Okay, so it's definitely a code issue. So the error is caused by either the .classpath file or the last file. What happens if you make it skip the .classpath file instead, by replacing break with continue? The ClassReader should only take in actual class files as a parameter anyways, so filtering out the .classpath file is necessary because .classpath is not a class file.

Sweet! changing to continue worked, and it makes sense now, we're doing .contains(".class") and "classpath" has the word class in it, which in turn would think its a class and continue to the code below.

Thank you so much for the fast replies! Amazing

 

[Shenandoah]

Sweet! changing to continue worked, and it makes sense now, we're doing .contains(".class") and "classpath" has the word class in it, which in turn would think its a class and continue to the code below.

Thank you so much for the fast replies! Amazing

Great! And yes, that is true.

And no worries, I'm happy to help! If you ever have any more troubles, feel free to make a new thread describing your problem and I'll be there to help!

 

[The Nifty Coder]

Alternatively you could use

.endsWith(".class")

so you can skip one check and your code will not fail for other files that contain ".class" in weird places.

 

[Shenandoah]

Alternatively you could use

.endsWith(".class")

so you can skip one check and your code will not fail for other files that contain ".class" in weird places.

I'm honestly not sure why I didn't do this in the first place, LOL!

 

[abdul]

Hey so I'm just about to finish this awesome tutorial, was extremely useful information and it was explained very well, only question I have is, how do I take this to the next step and make a "bot".

e.g.
get the npc id's around me and attack them
get the game id's of items on floor/inventory and pick/drop etc.

 

[Shenandoah]

Hey so I'm just about to finish this awesome tutorial, was extremely useful information and it was explained very well, only question I have is, how do I take this to the next step and make a "bot".

e.g.
get the npc id's around me and attack them
get the game id's of items on floor/inventory and pick/drop etc.

I'm glad you found it helpful!

As for your question, that's actually really hard to answer. I might get around to making a tutorial on that in the future, but I'm working on some other projects right now so I simply don't have the time.

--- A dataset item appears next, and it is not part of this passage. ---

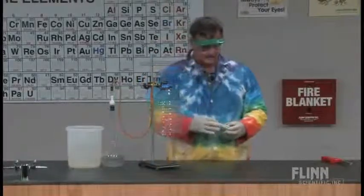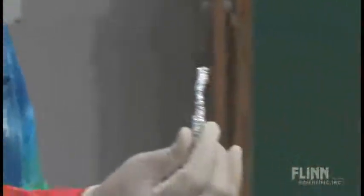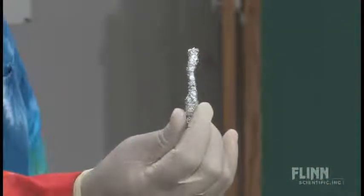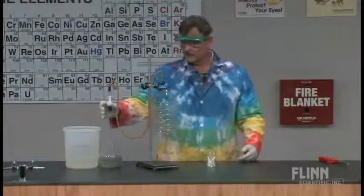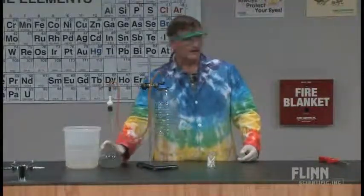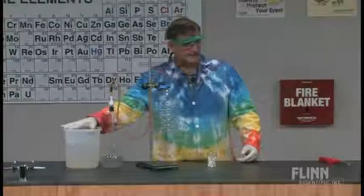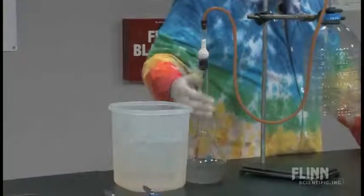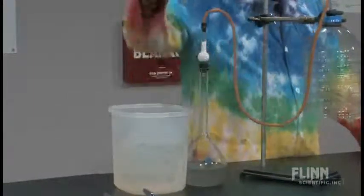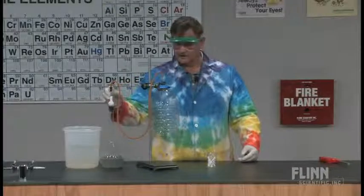I just take aluminum foil and tear it up, then twist it into little strips, and drop those down into my volumetric flask. You want to use a volumetric flask because this gets very hot — it's very exothermic. I have an ice bucket right next to it, so if it starts to look like it's bubbling up into the neck of the flask, I'll immediately put it right in the ice water to cool it down.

Applying this knowledge and creating a fully functioning bot will require intricate knowledge on how the client works, which means you will have to spend quite some time deobfuscating and analyzing the code. Luckily, people have already done this so you can just check out the source code for other bot frameworks on Github. Parabot has a pretty decent framework that is also easy to understand. Unfortunately, there is a good chance you'll have to find which variable is which in the code of your target client, which will take some time unless you're very experienced already.